Room: Track 5
Purpose: To present an in-house developed indoor Real-Time Location System (RTLS) to track tagged patients, staff and assets to improve clinic workflow, patient safety and experience .
Methods: Throughout our department building, we installed a grid of Bluetooth Low Energy (BLE) sensors and developed from ground up a location software system that enabled us to track tags transmitting Bluetooth radiofrequency signals in the building.
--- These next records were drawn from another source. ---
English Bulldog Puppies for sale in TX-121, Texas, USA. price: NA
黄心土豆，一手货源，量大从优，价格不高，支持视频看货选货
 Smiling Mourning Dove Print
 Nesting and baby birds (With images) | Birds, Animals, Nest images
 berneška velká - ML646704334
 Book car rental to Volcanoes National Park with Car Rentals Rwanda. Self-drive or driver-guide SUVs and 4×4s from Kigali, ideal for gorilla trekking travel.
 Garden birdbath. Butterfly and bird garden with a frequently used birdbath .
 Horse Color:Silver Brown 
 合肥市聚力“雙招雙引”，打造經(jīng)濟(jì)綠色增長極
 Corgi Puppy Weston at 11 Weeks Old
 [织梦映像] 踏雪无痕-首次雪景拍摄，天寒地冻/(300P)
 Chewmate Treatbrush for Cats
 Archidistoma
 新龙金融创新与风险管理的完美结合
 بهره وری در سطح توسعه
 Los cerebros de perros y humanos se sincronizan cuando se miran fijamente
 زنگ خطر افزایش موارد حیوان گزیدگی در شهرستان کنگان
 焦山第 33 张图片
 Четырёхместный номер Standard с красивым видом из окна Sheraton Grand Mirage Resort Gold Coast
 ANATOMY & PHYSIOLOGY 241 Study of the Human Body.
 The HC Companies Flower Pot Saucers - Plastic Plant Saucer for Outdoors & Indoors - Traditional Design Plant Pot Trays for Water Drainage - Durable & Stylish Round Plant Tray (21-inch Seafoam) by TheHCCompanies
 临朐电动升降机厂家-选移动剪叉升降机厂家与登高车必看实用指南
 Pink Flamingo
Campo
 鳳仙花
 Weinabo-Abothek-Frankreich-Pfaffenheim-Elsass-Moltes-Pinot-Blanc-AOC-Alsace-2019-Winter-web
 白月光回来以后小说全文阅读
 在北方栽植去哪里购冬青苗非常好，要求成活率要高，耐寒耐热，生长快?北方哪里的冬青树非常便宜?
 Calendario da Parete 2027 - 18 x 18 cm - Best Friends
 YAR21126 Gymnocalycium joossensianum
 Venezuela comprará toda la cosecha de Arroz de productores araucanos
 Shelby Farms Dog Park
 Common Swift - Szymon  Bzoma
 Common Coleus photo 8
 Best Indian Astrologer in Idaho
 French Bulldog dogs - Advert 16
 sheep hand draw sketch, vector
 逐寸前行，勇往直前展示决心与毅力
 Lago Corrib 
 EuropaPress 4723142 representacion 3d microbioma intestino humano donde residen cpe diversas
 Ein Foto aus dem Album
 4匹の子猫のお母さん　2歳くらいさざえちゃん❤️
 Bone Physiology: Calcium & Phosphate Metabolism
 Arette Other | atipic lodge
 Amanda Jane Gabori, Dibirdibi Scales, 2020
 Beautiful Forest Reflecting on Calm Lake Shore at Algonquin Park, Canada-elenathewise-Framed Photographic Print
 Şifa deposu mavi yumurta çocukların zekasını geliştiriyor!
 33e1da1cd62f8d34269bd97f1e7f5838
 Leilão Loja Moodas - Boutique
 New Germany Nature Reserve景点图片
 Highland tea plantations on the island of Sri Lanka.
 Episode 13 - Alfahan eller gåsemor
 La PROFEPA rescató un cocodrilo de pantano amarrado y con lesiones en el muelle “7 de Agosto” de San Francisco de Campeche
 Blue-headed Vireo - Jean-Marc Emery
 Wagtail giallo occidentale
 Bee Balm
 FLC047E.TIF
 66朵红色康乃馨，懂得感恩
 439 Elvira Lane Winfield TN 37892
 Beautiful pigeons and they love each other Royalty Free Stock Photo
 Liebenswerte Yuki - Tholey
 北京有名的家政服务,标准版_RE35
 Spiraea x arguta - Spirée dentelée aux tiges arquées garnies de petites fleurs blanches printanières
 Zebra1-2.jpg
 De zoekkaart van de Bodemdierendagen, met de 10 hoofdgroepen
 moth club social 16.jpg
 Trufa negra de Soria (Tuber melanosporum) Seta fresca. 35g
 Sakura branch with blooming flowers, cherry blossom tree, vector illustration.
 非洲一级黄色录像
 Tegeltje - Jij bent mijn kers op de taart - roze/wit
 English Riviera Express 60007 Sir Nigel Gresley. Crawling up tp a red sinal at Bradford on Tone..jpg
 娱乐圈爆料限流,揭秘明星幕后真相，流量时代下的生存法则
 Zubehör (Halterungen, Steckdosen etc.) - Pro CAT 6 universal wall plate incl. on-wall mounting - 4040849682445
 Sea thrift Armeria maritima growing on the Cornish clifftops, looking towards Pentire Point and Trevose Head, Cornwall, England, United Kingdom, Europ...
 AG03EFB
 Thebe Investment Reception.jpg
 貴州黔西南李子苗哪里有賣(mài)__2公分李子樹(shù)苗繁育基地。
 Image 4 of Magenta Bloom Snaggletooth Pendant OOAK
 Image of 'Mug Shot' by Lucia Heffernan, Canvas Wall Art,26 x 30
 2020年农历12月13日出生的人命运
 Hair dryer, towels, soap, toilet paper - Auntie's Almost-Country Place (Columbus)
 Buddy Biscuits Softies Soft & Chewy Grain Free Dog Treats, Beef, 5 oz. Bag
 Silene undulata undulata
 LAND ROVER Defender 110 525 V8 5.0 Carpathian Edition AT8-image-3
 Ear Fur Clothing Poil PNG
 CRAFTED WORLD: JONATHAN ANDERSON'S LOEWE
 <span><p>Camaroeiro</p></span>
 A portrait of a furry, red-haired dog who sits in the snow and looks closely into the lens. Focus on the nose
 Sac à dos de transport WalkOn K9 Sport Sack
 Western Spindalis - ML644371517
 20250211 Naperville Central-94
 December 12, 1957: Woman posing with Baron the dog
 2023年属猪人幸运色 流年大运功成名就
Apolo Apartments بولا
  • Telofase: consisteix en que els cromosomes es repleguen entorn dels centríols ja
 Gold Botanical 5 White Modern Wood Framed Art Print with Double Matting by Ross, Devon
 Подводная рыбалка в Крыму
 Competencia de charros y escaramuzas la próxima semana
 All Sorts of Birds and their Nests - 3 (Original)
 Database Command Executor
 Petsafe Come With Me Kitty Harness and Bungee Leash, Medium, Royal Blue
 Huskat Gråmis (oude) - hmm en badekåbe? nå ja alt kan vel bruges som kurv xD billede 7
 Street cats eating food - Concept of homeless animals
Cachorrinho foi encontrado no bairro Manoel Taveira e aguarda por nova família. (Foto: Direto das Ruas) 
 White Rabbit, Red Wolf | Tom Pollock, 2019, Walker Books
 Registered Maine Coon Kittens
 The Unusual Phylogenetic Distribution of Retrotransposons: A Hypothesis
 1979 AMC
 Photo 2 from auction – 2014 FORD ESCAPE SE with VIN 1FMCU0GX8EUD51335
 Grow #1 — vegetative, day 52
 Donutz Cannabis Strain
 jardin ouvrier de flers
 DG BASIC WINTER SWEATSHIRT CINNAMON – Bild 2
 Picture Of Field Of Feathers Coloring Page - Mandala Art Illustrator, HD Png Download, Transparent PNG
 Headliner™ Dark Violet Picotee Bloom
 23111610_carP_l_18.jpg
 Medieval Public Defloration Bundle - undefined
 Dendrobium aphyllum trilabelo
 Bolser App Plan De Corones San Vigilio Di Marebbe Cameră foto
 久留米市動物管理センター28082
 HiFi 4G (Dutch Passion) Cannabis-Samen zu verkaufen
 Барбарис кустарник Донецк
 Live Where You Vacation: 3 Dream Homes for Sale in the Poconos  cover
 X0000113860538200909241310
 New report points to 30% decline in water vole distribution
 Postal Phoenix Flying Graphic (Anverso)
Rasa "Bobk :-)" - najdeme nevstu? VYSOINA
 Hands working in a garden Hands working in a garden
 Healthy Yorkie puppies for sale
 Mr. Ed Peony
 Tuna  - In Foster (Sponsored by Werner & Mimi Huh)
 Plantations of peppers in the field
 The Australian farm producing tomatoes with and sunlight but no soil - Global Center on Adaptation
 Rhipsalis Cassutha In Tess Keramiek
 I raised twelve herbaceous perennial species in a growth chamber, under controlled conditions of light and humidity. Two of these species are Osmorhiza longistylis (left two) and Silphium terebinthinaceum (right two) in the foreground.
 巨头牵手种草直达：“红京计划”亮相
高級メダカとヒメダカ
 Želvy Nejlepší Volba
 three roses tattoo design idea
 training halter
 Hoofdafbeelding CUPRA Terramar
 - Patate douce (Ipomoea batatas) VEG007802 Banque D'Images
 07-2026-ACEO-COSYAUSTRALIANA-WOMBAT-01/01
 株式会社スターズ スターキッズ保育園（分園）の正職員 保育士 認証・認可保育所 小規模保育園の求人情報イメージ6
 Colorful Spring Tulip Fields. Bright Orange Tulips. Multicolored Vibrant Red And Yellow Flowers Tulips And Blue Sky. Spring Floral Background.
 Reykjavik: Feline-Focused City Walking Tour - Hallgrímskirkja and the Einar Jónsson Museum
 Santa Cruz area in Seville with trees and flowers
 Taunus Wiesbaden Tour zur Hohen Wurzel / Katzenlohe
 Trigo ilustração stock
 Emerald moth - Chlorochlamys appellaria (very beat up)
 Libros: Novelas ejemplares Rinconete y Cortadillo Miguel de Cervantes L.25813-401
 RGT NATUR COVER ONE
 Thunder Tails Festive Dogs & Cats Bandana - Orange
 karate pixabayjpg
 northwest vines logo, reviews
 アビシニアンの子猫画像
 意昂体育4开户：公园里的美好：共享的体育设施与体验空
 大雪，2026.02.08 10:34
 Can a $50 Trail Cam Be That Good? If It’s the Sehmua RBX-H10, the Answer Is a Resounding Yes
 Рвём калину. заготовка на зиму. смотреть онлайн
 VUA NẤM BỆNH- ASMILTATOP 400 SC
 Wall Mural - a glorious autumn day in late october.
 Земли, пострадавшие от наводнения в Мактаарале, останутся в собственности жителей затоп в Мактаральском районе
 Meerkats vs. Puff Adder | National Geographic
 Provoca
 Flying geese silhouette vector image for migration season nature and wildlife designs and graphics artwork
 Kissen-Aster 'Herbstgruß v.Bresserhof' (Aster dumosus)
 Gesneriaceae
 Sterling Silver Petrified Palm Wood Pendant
The challenge is that the weak relationship between signal strength and distance is significantly altered because of signal reflection and attenuation by building structures. It is very difficult if not impossible to locate a tag using conventional distance-based deterministic or triangulation algorithms as GPS does. However, we noticed that received signal strengths by sensors of a tag at a given zone form a highly distinguishable pattern. So we developed an Artificial Intelligence (AI)-based location engine to drive all related clinical applications using RTLS information. The three-floor clinic building was equipped with 142 BLE sensors and divided into 114 functional zones where signal strengths from all sensors were collected. We trained a Deep Neural Network (DNN) consisted of an embedded Long Short-Term memory (LSTM) unit and a deep classifier using these signal data as inputs and corresponding zones as outputs. The inputs were augmented to generate cross-zone sequences to mimic real-word cases. We further constrain the results using the spatial connection information to increase stability. The network is then used to calculate the real-time location.
Results: The RTLS engine was able to identify tag’s location. The system achieved an accuracy of 100% when the lagging is less of a concern, compared with about 95% for a baseline CNN+ANN model.
Conclusion: We established a Real-time Location System in a radiation oncology clinic building and has been regularly used in clinical practices.